Why does sort! allocate inside loops when the input is large?

Hi,

I have noticed that sort! allocates when called repetitively, but I am not sure why since I did not expect it to allocate:

v=rand(1000);
@btime sort!(v)
#  1.744 μs (0 allocations: 0 bytes)

In my code, I need to analyze columns of a large matrix of data. Typically, it is better to sort each column first before doing anything (like calculating quantiles, medians,…). Here’s a MWE

function quant(U)
    d,n=size(U)
    v=zeros(d)
    quants=zeros(n)
    for j=1:n
        copy!(v,view(U,:,j))
        sort!(v)
        quants[j]=quantile!(v,.2;sorted=true)
    end
    return quants
end

However, this function allocates and it is seems that the culprit is the sort!(v) line (without it, there are only 5-6 allocations).

U=rand(1000,1000)
@btime quant($U)
# 20.244 ms (6006 allocations: 9.82 MiB)

Curiously enough, when size(U,1) is small, there are no allocations

U=rand(10,1000);
@btime quant($U)
#  160.864 μs (5 allocations: 8.02 KiB)

Any ideas on why this is happening?

1 Like

TLDR is that Julia uses an algorithm called Scratch quick sort that uses an allocation in order to be both faster than regular quicksort and stable. See https://www.youtube.com/watch?v=RIhCBTx5TYA for details (this also might be a case where we use Radix sort which also allocates). We have an API for passing in a scratch buffer to sort but I’m not sure if that is part of the public interface. @Lilith can you confirm?

8 Likes

Specifically, defining:

function quant(U)
    d,n=size(U)
    v=zeros(d)
    quants=zeros(n)
    scratch = similar(quants)
    for j=1:n
        copy!(v,view(U,:,j))
        sort!(v; scratch)
        quants[j]=quantile!(v,.2;sorted=true)
    end
    return quants
end

deletes half of the allocations and is 25% faster. (the other half come from a line in Radix sort that has the comment # TODO use scratch for this

1 Like

Thanks for sharing. I notice that Julia is not using ScratchQuickSort by default (at least for the example U=rand(1000,1000)), but when when I specify the algorithm, the allocations disappear. I will include some benchmarks below in case someone stumbles upon this thread in the future.

function quant(U,alg)
    d,n=size(U)
    v=zeros(d)
    quants=zeros(n)
    scratch=zeros(d)
    for j=1:n
        copy!(v,view(U,:,j))
        sort!(v;alg=alg,scratch=scratch)

        quants[j]=quantile!(v,.2;sorted=true)
    end
    return quants
end
U=rand(1000,1000);
@btime quant($U,$(Base.Sort.ScratchQuickSort()));
#  42.819 ms (9 allocations: 23.65 KiB)

This is faster than the regular QuickSort

@btime quant($U,$(QuickSort))
# 55.677 ms (9 allocations: 23.65 KiB)

But it is slower than the DefaultStable algorithm (which alllocates)

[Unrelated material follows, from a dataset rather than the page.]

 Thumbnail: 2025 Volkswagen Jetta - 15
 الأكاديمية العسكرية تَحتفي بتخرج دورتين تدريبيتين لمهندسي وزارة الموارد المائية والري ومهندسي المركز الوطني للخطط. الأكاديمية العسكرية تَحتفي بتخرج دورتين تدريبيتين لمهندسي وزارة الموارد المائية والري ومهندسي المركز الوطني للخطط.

@btime quant($U,$(Base.Sort.DefaultStable()));
# 16.796 ms (3009 allocations: 2.14 MiB)

As far as I can tell, there is a trade-off between allocations and speed,

Yep, this is all correct. And no scratch is not part of the public interface, largely because the appropriate eltype for the scratch array is non-obvious.

3 Likes

In this particular case it is better to not sort first, and just leave it to the quantile! function (which can make do with a partial sort.) This might be different in a more realistic scenario, perhaps.

1 Like

I couldn’t find any sorting functions that do sort!(output, input). That would be a good solution in many cases, I think, and would allow you to do

sort!(output, view(U, :, j))

or similar with partialsort!